Aim of the task:
Search the material for the string "Presenting", then return every line where it is found.

Data for processing:
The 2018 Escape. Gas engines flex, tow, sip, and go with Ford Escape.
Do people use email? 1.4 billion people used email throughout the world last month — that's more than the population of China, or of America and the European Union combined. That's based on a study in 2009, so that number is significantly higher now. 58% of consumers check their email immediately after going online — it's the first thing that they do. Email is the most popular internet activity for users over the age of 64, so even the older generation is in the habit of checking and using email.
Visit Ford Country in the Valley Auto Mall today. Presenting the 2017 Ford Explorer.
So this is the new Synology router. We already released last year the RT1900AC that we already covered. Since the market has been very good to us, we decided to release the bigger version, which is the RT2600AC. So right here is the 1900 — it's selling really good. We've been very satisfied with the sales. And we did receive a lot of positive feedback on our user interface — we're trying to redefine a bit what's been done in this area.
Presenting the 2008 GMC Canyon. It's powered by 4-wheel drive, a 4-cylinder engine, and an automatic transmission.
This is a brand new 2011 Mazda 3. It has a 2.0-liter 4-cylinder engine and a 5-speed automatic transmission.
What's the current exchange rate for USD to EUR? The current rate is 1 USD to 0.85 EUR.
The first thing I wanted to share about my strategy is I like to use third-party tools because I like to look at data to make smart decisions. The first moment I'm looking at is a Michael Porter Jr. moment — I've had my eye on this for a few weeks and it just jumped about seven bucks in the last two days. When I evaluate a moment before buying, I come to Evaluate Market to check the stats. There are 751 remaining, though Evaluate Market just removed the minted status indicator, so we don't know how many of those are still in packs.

--

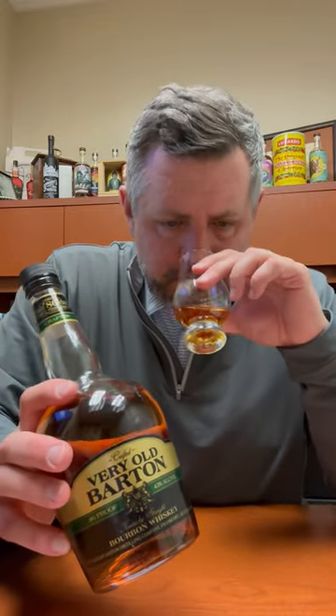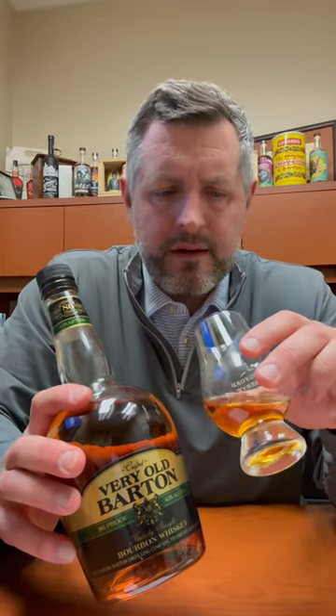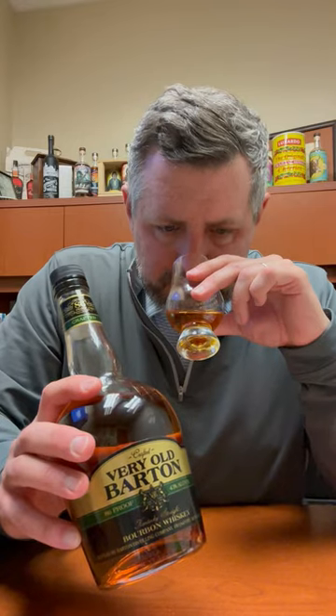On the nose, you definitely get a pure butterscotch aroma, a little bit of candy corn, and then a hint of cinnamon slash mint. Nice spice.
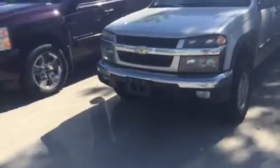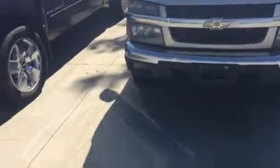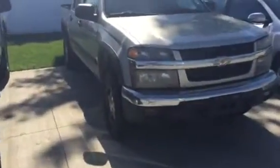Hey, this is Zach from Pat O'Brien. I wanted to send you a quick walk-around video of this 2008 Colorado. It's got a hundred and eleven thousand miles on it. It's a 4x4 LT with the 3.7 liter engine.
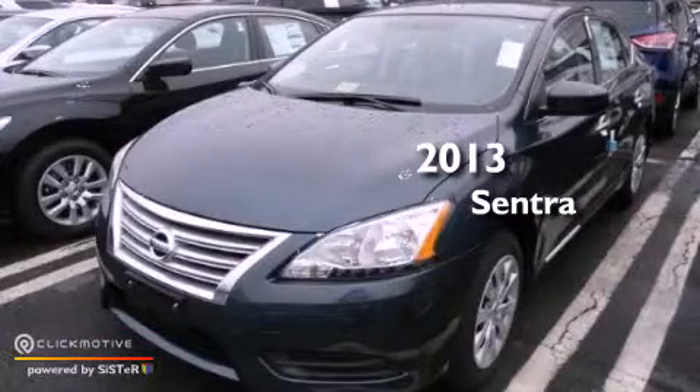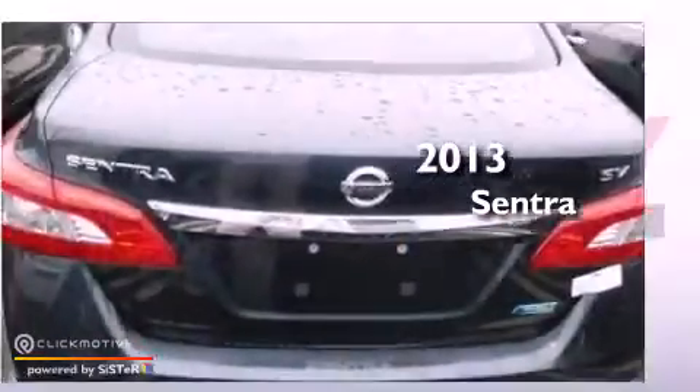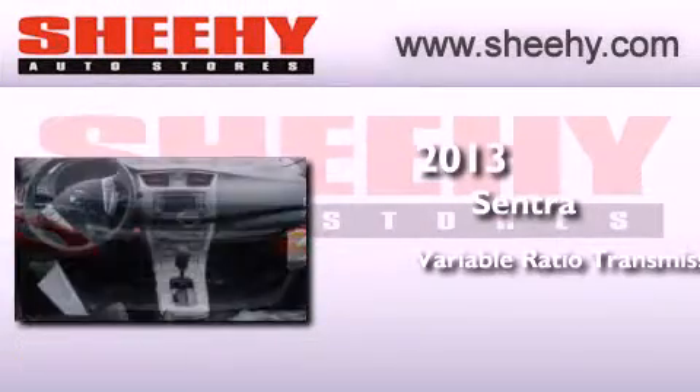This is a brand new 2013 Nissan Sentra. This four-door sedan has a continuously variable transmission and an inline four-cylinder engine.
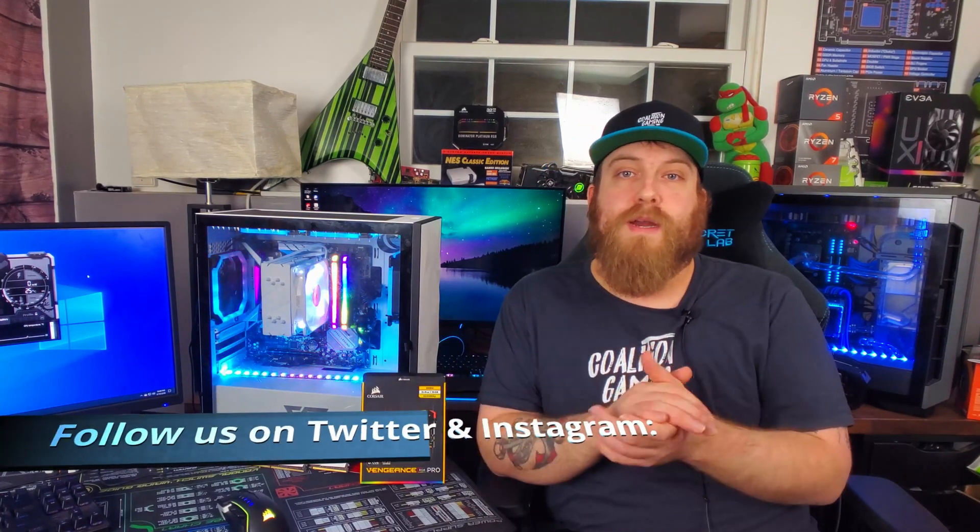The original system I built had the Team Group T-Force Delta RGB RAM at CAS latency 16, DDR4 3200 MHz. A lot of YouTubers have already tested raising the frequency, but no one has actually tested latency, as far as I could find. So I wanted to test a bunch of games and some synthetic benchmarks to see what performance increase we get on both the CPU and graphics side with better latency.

* * *

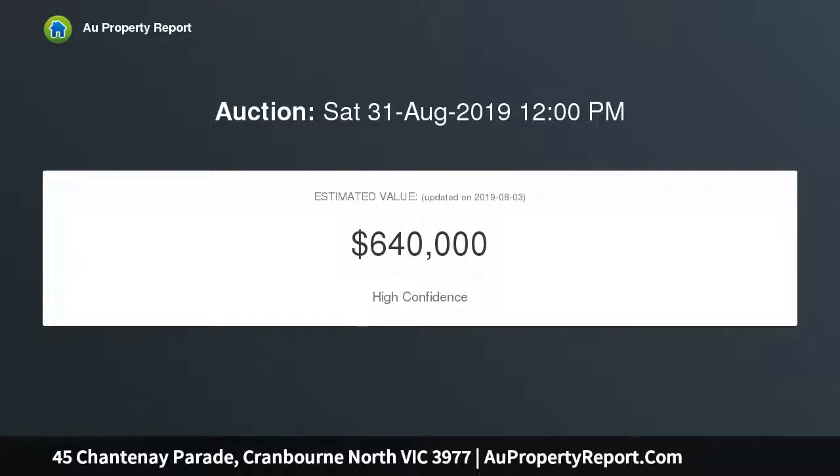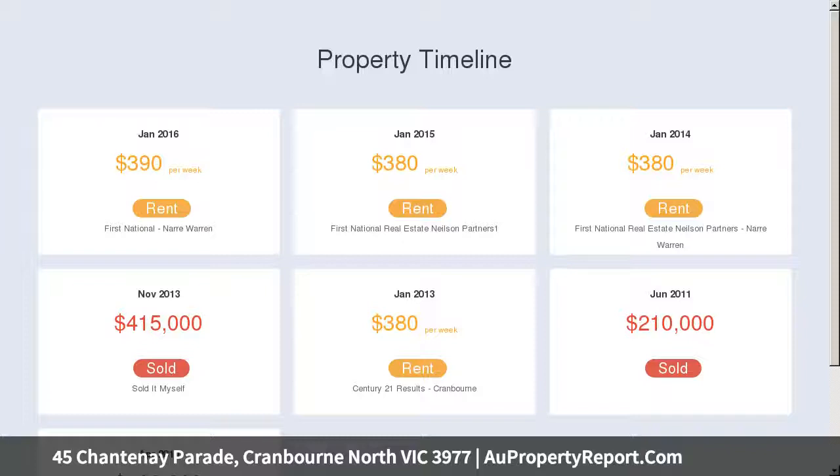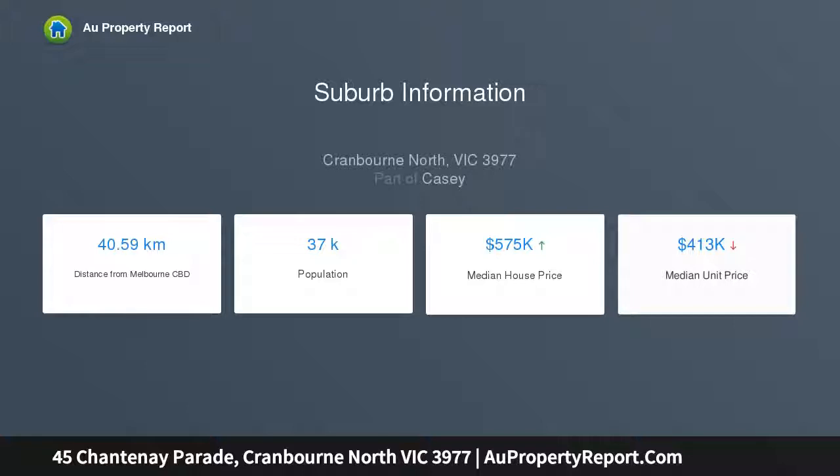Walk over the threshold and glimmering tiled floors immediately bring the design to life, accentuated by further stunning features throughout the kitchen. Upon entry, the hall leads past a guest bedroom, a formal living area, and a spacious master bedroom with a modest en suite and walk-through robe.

Task response:
Visit Ford Country in the Valley Auto Mall today. Presenting the 2017 Ford Explorer.
Presenting the 2008 GMC Canyon. It's powered by 4-wheel drive, a 4-cylinder engine, and an automatic transmission.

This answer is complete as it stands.